Non fa una grinza. Non c’è replica possibile, a meno di decidere che chiamare “signore” una donna sia lecito, e chiamare “signora” un uomo invece non lo sia; come se il genere maschile fosse così scontatamente superiore da sconsigliare a una donna di risentirsi se definita al maschile, e invece consentire a un uomo di inalberarsi se definito al femminile.
Difatti Mulé si è offeso, lamentando la violazione della sua identità; e non capendo che uguale rispetto era appena stato negato a Schlein, che non è un segretario di partito, è una segretaria.

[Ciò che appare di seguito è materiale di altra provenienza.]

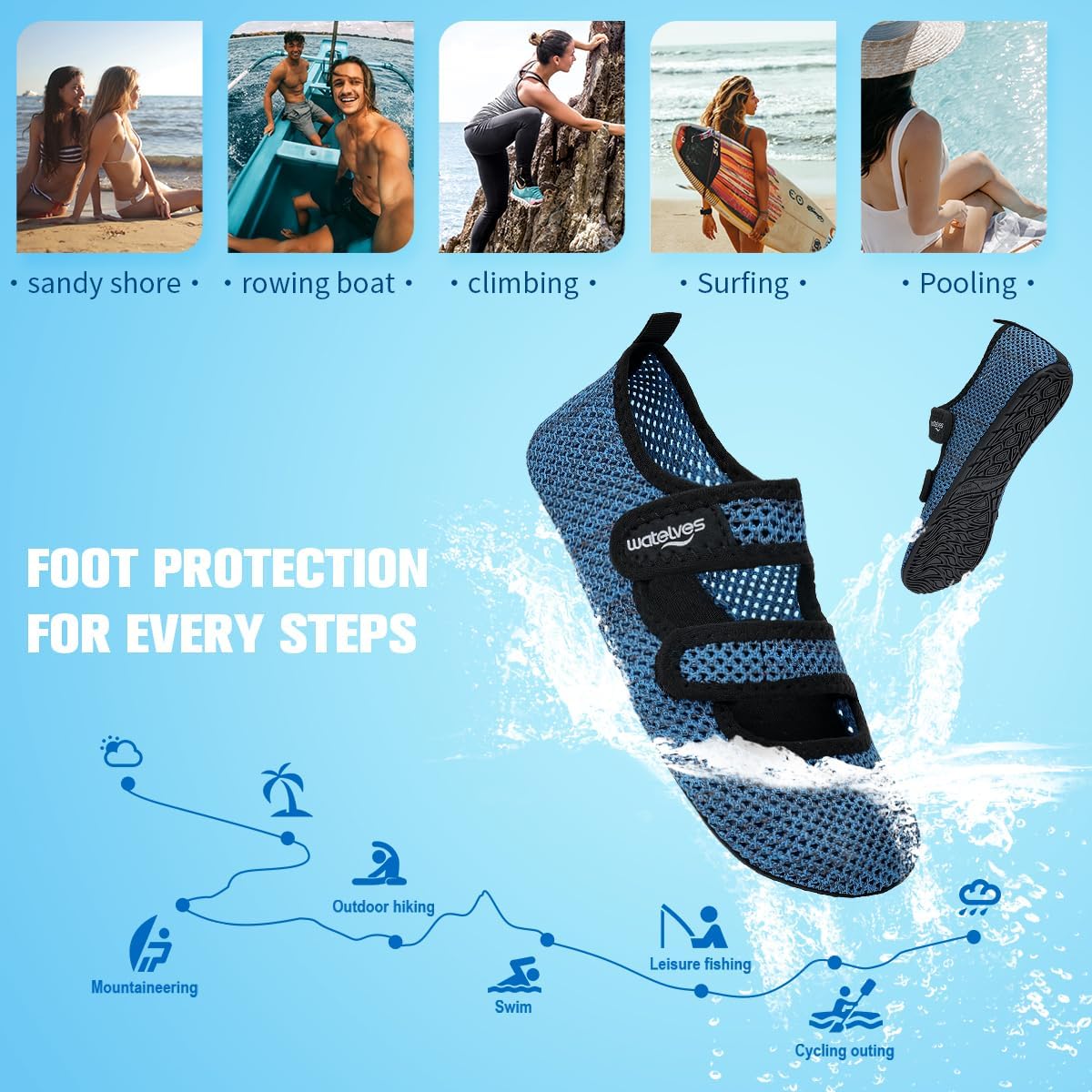 Thumbnail 5 de WateLves Water Shoes: Barefoot-Style Footwear for Beach, Pool and Outdoor Water Sports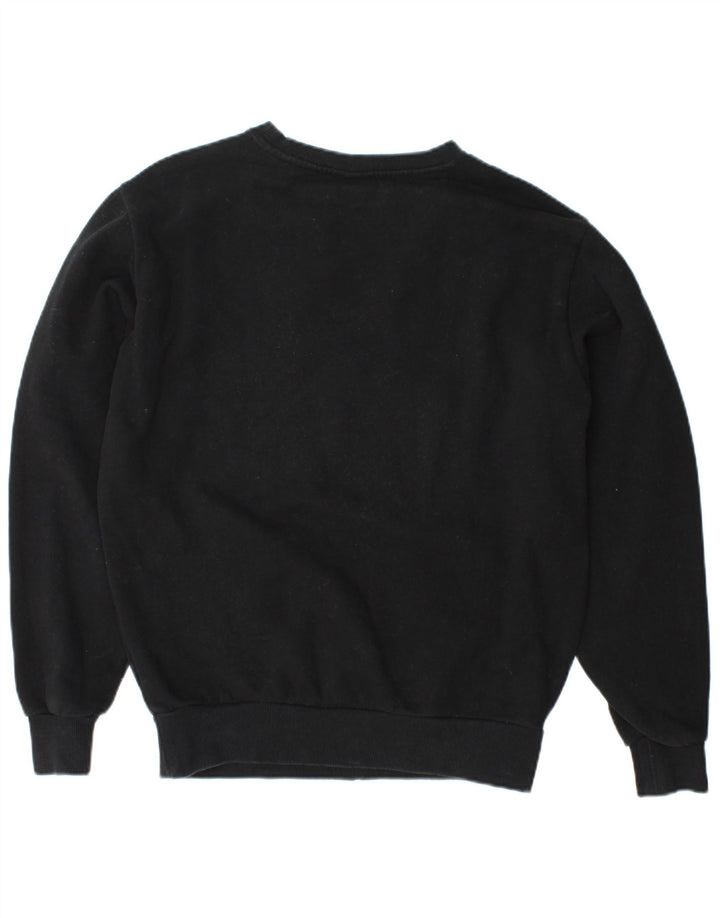 ELLESSE Sweat-shirt graphique surdimensionné pour femme UK 10 Small Noir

Poiché Mulé proviene dal giornalismo, avrebbe, a parte la facoltà personale, anche i mezzi “tecnici” (lunga pratica con le parole, buona conoscenza dell’italiano) per riflettere sull’accaduto, riconoscendo che la deputata Guerra ha ragione, il deputato Perissa torto.
Ma non credo accadrà. Troppo scontato è il pregiudizio, e soprattutto troppo faticoso ammettere di avere torto.